25 Jun 2019 • 2 min read • in Meta

Semantic web and rant

Written by Lionir

So, the semantic web, I came to it from being simply interesting in it because well, I thought it was good to make the computer understand my content and it also made HTML prettier in my eyes.. especially HTML5 semantic elements.

That's cool stuff and I learn along the way although, deeper semantics have left me deeply confused since their documentation is quite hard and there's multiple implementations so for now, I decided to leave it at that and use simple semantics for the most part.
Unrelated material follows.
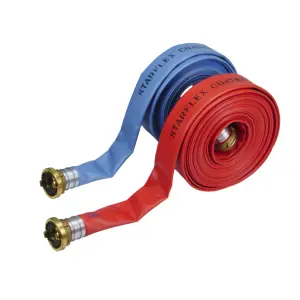 BS6391 Compliant Firefighting Hoses For Marine And Offshore Applications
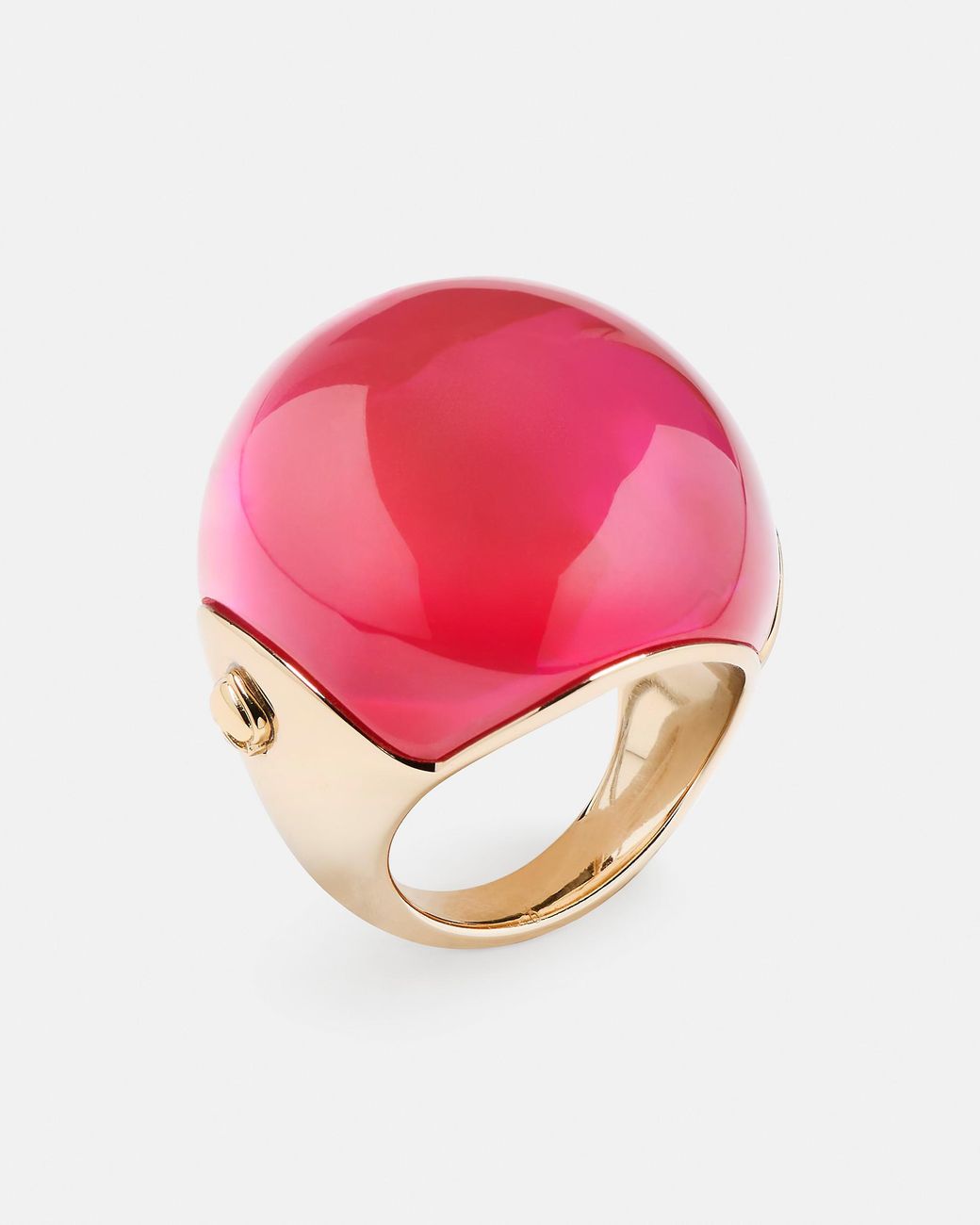 Kate Spade Pink Glow Up Statement Ring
Things like, the details element below, the figure element to put captions and picture elements together, the time element to make the time machine-readable making that data potentially useful for research, the nav element for navigation elements, all these kind of things which make parsing much easier than a bazillion div elements.
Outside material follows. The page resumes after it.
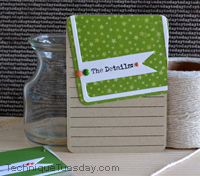 The Details Story Card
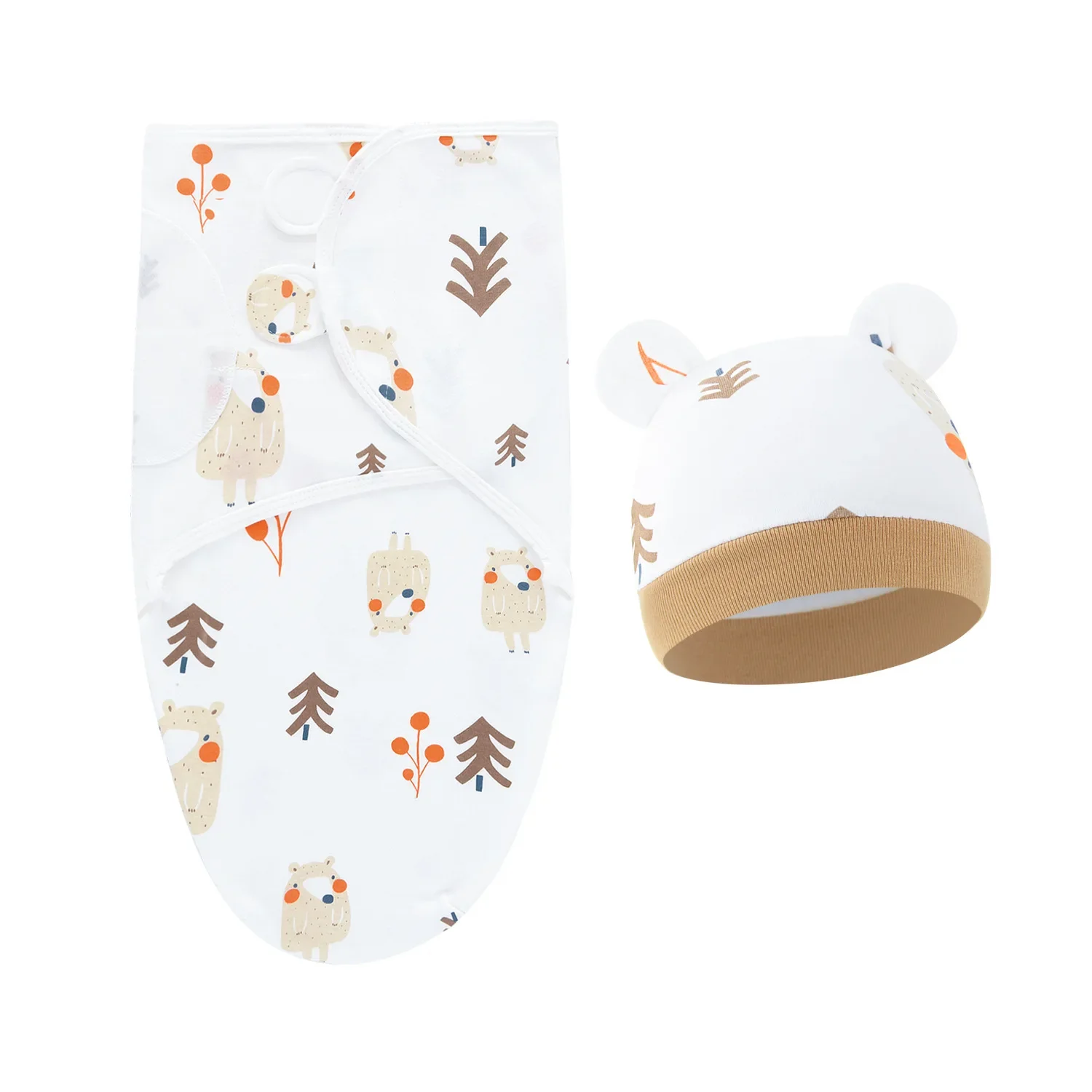 Baby Swaddle Wrap Weiche Kokon Baby Decken Neugeborene Wickelpackung warme Baumwollbaby Bettwäsche Decke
Well, that brought me to well, the most common use for machine-readable semantics – Search. By far, search is what needs the most semantics to make the results appropriate. That lead me to changing my robots.txt to allow crawling of certain parts which was fairly straight forward.

Then I thought sitemap could be nice to allow it more easily and then since I had no feedback on those changes, I took my helmet and braced Google's search console which is.. painful, there's delays everywhere, you need to verify you own the website, you need to make sure your results look fine which will require even more waiting... then yesterday, I realised something terrible.

Certain pages which I didn't allow to be crawled were indexed, there was no way to remove it from any interface nor a hint to tell me so then I talked to a friend about it and he linked me something that made me very mad.

Keep in mind that these settings can be read and followed only if crawlers are allowed to access the pages that include these settings. The <meta name="robots" content="noindex" /> tag or directive applies to search engine crawlers. To block non-search crawlers, such as AdsBot-Google, you might need to add directives targeted to the specific crawler (for example, <meta name="AdsBot-Google" content="noindex" />). -Google

And this non-standard is really annoying. Not only does Google not see that not Crawling should equate in non-indexing but their solution to make the difference is a standard that they don't even follow all the time, they say it only applies to search-engine bots.

Why is that a problem? Indexing and crawling is one of the most basic flows of requests so when you can't have a simple opt-out from all of them, you'll end up with unwanted traffic and/or a million meta tags to control it and that just makes me terribly mad.

If anyone at W3C or at Google reads this, please standardize a sane system for indexing and crawling. Robots.txt is not standardized so that can be painful to deal with and the meta robots tag doesn't have a simple catch-all nor is it standardized either.